Problem to solve: Word for word, restate the lines from the start of the data down to the line with "画像をギャラリービューアに読み込む, PRADA プラダ", both included.

Task input:
------------------------------------

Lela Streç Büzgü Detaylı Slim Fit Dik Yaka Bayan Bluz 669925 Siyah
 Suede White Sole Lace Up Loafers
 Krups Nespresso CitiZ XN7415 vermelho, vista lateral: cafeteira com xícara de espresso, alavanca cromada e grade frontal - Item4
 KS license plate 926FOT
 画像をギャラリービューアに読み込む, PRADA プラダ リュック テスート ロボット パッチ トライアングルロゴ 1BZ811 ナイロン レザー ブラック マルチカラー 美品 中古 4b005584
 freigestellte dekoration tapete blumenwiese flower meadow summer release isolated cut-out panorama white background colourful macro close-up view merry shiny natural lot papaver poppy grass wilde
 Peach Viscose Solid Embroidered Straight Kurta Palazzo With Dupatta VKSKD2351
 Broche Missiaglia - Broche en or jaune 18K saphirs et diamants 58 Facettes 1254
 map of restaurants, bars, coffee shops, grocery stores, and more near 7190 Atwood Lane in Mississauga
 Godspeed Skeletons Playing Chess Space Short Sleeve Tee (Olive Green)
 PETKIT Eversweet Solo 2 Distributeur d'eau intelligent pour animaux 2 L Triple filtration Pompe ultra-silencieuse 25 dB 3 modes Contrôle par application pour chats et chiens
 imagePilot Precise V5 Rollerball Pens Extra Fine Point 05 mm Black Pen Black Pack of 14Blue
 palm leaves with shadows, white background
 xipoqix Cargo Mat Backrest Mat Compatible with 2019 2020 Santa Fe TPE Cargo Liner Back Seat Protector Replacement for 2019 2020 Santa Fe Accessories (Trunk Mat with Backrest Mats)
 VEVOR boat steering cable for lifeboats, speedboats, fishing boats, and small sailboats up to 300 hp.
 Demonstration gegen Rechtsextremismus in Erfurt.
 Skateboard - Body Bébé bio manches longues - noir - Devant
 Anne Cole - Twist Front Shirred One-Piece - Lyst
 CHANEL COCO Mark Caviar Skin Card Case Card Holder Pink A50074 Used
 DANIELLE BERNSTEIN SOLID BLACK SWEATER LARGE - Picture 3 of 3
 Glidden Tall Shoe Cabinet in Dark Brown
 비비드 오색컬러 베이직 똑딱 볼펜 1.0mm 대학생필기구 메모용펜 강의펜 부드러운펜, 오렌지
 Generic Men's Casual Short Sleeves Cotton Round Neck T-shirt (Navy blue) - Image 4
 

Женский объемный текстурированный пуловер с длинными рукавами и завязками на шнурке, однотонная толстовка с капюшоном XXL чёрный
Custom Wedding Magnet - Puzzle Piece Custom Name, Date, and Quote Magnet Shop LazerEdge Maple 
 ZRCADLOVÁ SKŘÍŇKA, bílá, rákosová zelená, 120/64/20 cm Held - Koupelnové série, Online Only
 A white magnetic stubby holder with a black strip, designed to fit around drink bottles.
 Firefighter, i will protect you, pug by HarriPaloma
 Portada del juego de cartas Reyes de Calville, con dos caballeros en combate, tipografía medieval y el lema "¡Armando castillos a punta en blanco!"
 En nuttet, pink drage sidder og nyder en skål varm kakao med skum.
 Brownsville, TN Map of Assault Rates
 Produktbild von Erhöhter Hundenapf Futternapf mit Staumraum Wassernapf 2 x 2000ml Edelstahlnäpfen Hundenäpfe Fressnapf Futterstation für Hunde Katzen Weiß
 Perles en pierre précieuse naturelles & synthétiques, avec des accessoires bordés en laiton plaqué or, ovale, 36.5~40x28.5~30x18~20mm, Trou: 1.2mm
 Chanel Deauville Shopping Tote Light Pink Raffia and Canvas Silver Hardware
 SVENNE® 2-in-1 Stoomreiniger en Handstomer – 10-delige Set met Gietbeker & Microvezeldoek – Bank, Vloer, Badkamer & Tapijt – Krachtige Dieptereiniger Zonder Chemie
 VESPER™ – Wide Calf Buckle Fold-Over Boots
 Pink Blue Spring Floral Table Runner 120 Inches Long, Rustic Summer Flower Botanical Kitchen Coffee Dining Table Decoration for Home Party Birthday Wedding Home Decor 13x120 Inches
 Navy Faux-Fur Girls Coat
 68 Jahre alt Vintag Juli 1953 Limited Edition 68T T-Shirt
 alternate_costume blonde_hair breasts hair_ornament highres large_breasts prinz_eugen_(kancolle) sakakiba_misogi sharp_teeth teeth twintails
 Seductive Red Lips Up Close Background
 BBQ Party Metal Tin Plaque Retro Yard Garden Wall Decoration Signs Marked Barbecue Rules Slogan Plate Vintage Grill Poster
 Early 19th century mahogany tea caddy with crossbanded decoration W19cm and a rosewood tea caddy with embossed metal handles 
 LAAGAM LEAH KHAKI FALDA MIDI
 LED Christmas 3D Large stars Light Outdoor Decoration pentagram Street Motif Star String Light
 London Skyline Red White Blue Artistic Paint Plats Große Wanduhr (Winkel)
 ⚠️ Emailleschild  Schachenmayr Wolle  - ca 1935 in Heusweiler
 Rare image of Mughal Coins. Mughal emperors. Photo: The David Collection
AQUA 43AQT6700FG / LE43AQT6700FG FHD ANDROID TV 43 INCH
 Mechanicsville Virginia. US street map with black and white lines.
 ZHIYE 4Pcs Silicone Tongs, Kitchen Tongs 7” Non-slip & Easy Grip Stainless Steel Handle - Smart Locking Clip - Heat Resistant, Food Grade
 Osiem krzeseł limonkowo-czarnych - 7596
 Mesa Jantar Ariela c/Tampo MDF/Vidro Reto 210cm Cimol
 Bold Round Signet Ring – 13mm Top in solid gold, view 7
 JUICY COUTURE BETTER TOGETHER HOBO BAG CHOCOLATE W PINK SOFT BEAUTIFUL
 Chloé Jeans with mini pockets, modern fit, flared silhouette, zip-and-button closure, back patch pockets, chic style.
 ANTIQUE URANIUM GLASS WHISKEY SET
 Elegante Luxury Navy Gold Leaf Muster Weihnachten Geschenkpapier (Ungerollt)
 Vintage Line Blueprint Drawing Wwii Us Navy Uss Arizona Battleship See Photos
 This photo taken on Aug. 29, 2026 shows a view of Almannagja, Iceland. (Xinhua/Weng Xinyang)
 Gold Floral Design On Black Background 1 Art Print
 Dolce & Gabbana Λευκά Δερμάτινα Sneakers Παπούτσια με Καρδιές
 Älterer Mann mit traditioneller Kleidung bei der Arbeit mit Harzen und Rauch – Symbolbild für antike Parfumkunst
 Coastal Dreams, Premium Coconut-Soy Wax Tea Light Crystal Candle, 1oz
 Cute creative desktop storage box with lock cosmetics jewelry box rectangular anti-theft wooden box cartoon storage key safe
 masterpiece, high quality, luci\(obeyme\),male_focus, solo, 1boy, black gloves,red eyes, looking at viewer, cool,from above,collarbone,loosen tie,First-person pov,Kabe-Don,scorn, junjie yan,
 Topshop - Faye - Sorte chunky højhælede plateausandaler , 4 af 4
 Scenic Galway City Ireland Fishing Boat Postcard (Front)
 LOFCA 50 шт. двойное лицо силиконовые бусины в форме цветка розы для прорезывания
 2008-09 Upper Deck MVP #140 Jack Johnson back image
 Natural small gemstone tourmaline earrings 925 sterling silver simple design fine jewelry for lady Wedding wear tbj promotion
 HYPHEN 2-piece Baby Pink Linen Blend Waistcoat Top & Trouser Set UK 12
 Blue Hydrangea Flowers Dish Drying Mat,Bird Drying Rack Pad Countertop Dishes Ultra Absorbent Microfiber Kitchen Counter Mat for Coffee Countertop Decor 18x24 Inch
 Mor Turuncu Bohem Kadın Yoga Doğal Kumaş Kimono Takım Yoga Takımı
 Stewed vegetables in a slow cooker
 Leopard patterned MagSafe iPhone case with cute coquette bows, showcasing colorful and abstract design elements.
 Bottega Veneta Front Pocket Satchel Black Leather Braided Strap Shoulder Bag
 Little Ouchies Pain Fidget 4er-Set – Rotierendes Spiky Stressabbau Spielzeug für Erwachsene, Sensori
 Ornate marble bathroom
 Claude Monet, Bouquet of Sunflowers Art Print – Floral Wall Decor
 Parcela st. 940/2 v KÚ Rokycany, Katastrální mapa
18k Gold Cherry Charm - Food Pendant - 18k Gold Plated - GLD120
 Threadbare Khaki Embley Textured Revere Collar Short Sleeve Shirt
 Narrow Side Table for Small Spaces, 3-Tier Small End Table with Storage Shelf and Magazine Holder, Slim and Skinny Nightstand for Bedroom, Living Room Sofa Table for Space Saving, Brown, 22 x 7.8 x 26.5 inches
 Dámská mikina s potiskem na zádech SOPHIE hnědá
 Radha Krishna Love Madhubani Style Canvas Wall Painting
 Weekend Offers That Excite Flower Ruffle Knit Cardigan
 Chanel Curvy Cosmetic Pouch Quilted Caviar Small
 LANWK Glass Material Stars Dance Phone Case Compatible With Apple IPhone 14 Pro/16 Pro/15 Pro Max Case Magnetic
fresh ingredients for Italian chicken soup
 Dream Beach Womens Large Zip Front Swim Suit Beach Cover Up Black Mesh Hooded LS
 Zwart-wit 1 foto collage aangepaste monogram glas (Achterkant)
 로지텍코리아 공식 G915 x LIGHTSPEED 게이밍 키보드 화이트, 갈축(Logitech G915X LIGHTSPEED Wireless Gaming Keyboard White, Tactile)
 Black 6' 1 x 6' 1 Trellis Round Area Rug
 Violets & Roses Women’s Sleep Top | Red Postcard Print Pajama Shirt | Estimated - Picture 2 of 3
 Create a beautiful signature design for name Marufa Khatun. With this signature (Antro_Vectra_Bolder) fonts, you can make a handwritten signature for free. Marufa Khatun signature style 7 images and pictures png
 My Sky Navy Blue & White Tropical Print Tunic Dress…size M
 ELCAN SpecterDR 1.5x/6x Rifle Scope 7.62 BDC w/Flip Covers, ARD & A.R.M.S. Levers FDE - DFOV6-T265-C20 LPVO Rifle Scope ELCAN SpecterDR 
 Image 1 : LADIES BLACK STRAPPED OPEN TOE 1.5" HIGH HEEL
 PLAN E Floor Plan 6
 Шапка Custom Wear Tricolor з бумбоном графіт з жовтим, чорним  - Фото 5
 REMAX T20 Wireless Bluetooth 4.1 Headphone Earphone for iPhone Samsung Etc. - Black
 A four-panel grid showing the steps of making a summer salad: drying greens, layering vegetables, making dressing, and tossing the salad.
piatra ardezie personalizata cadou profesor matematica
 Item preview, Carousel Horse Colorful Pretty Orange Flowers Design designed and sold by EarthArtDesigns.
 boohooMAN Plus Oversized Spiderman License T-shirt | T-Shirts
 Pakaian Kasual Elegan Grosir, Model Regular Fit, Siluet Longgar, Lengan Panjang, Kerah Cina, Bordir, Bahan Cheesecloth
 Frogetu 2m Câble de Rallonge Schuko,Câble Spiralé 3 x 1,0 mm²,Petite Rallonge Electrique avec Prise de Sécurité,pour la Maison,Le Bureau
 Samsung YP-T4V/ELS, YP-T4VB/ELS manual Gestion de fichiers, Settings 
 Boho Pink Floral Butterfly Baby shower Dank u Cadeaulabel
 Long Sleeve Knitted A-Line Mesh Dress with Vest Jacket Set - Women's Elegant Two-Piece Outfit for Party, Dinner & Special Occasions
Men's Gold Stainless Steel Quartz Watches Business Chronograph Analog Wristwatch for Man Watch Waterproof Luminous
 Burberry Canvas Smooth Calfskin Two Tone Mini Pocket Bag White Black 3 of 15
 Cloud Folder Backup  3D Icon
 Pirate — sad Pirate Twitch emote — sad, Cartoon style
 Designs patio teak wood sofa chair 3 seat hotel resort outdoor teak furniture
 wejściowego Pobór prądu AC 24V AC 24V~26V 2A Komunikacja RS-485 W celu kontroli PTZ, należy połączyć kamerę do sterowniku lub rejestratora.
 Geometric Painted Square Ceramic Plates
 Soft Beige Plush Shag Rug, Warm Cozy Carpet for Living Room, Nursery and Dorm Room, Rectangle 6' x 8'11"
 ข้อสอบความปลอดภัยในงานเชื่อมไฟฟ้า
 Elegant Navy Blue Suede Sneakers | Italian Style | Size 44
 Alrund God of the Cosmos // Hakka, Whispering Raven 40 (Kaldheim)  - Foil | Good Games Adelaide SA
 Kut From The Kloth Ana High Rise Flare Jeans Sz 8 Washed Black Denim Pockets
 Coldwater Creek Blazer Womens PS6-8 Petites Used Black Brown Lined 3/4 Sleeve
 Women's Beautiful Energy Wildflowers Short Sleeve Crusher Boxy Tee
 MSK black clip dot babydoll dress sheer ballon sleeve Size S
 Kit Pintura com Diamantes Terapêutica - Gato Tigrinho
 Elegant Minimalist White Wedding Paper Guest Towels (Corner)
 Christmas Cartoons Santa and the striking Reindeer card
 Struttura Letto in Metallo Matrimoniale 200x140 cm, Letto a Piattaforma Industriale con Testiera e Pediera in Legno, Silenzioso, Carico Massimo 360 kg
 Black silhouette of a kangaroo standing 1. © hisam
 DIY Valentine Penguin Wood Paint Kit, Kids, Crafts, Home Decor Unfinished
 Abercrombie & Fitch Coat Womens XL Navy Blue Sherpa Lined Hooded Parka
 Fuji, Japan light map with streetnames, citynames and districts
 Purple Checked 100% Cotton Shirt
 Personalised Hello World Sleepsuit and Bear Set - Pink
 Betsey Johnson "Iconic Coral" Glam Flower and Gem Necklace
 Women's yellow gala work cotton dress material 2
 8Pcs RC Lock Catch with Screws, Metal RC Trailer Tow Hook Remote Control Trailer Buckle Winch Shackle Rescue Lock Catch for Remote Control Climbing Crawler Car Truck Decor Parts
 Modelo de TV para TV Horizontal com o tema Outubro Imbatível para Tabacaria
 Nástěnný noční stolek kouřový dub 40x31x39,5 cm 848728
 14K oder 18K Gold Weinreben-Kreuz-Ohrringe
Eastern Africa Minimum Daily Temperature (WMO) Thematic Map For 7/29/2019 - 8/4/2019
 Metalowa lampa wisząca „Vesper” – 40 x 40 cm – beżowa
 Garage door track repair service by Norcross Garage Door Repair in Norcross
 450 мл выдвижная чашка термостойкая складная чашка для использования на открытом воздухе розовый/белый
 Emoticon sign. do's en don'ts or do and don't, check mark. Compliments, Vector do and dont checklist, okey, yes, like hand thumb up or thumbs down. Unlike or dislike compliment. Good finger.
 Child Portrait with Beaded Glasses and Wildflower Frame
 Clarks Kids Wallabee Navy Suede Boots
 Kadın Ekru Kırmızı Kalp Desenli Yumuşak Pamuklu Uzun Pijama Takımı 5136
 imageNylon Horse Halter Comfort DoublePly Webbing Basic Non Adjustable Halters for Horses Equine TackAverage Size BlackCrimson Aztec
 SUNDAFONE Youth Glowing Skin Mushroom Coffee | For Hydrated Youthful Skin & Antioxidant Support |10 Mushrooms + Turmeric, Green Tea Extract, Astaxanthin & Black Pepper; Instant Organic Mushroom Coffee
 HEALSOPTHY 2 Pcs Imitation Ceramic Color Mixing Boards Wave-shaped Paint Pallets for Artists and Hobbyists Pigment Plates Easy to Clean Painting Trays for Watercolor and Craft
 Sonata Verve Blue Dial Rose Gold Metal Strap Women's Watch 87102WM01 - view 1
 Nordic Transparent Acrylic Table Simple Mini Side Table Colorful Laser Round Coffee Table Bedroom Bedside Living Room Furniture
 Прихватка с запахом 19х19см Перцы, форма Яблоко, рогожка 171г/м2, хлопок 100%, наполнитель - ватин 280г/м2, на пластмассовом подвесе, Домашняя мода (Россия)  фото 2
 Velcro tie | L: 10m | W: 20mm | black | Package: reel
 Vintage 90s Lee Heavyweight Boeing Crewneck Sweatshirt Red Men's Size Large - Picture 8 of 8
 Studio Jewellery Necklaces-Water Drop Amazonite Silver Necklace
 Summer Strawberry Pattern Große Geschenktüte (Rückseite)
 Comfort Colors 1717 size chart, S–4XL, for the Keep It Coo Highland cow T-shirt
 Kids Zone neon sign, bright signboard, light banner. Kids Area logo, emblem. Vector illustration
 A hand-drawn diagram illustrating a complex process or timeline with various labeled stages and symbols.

------------------------------------

Exercise response:
Lela Streç Büzgü Detaylı Slim Fit Dik Yaka Bayan Bluz 669925 Siyah
 Suede White Sole Lace Up Loafers
 Krups Nespresso CitiZ XN7415 vermelho, vista lateral: cafeteira com xícara de espresso, alavanca cromada e grade frontal - Item4
 KS license plate 926FOT
 画像をギャラリービューアに読み込む, PRADA プラダ リュック テスート ロボット パッチ トライアングルロゴ 1BZ811 ナイロン レザー ブラック マルチカラー 美品 中古 4b005584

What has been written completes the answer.